We could tell when he was about to speak. The crowd could hardly contain itself. They hailed him in huge, swelling ovations that carried me along. "Sieg!" someone would shout, and what seemed like all the people in the world would answer with a roar, "Heil!" For he was their leader, Der Fuhrer, Adolf Hitler.

Hitler's voice started out calmly, in low, dispassionate tones, but as he spoke of what his people would accomplish, his voice rose in pitch and tempo. Once united, the German people could do anything, surmount any obstacle, rout any enemy, achieve fulfillment. He would lead them; there would be one people, one nation, one leader. Here was the very antithesis of fear -- sheer animal confidence and power of will. He sent an electric current through my body and, as the massive audience thundered its absolute support and determination, the hair on the back of my neck rose and I realized suddenly that I had stopped breathing.

When I spoke of this man to my father, he became angry. Adolf Hitler, he said was an evil man who would once again set loose upon the world all the destruction of war. It was just a matter of time. I was to stop listening to him.

The lure of forbidden fruit was too strong; I continued to listen, though less frequently. Teresa had said that Adolf Hitler had raised her country from the dead, freed it from its enemies, made it the strongest nation in the world and delivered it from fear. Delivered it from fear!

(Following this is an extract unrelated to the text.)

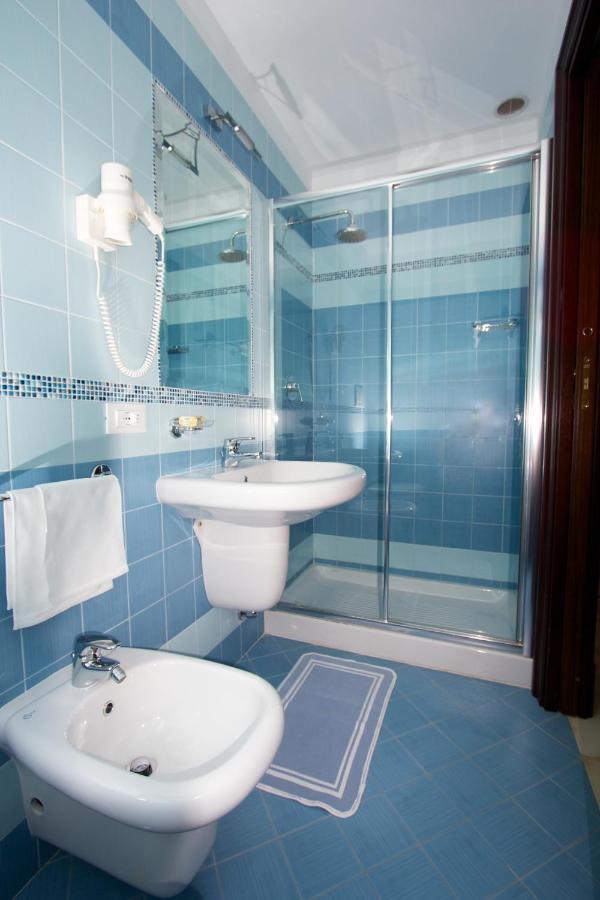 Apartment Sine Tempore *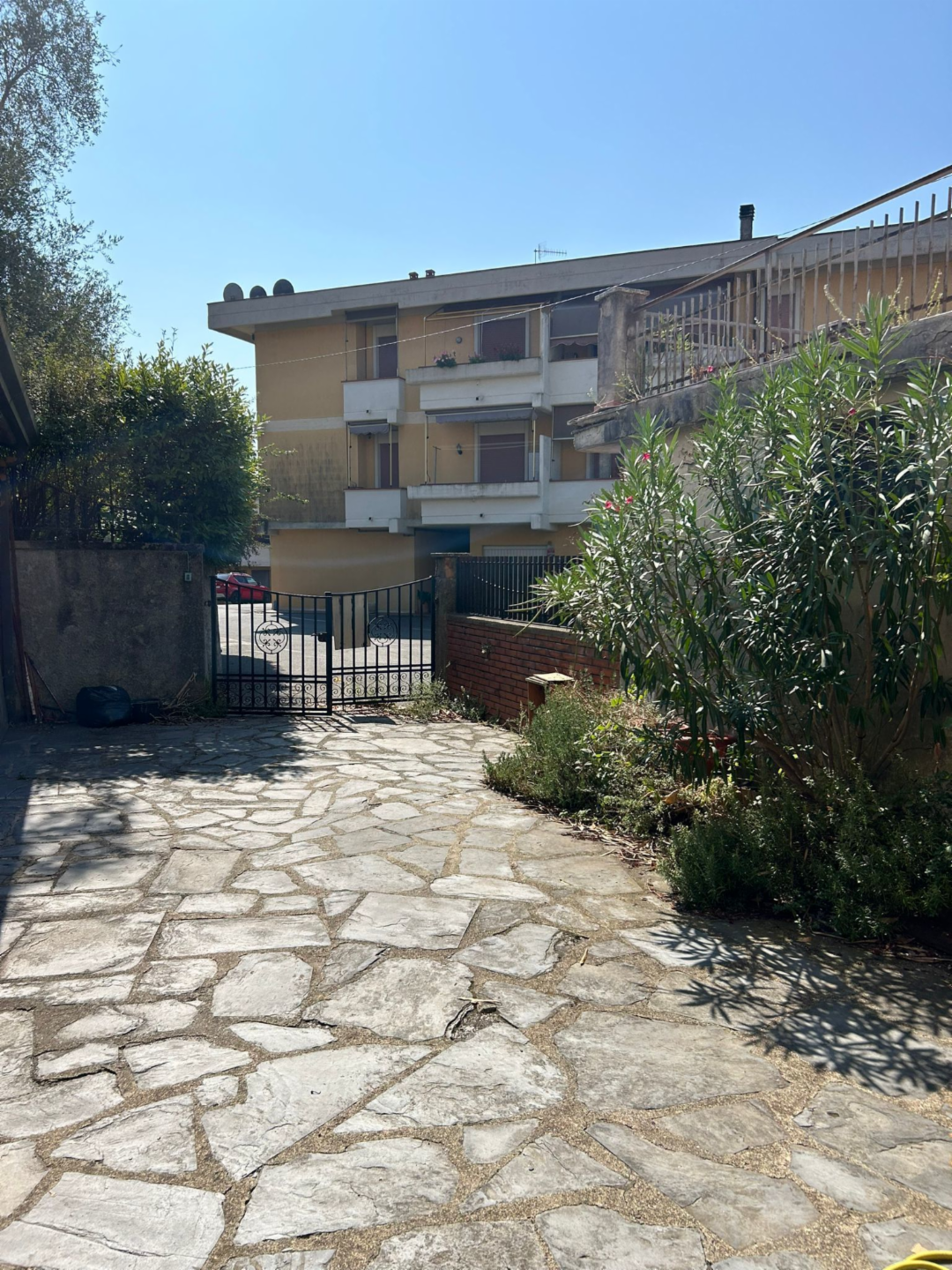 immagine annuncio 7 di 8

For the first time in my life I felt hope. Life need not be a constant secret agony of fear and shame. If an entire nation could be changed, lifted out of weakness to extraordinary strength, certainly so could one person.

[...]

I knew what I had to do, and I dreaded it. To change myself from a puny, fearful boy to a strong, fearless man, I would have to face my fears, one by one, and overcome them. From listening to the priests at Sunday Mass, I knew that would take willpower. Even Adolf Hitler agreed. He and his people would triumph through the power of their superior will. But I knew from the priests the price would be terrible. God gave us free will, but to strengthen that will to meet the temptations of life required denial, "mortification," suffering.

Suffering. That was the key. Whatever the consequences of what I was to do, I must accept and endure them -- outlast suffering to achieve my goals. Wasn't that the message of my mother's stories? Of President Roosevelt? My fears were so many and so gripping that overcoming them, one by one, would build incredible willpower! The world opened up to me. I could become anything I wanted to be! The thought took my breath away.

Teresa had told me of the Germans' suffering before their rebirth; my mother had told me how the strength and bravery of the American Indian warriors was born of the suffering of torture. In the Book of Knowledge I had read of the Spartan boy who refused to cry out while a fox concealed beneath his clothing ate the boy's insides -- and thus the boy had died a true Spartan. Hadn't Glenn Cunningham suffered as he stretched the scar tissue of his burned legs to run faster? Hadn't my grandfather suffered to return to play football with only one eye? Had not Jesus suffered the agony of hanging nailed to a cross for three hours before He could triumph over death?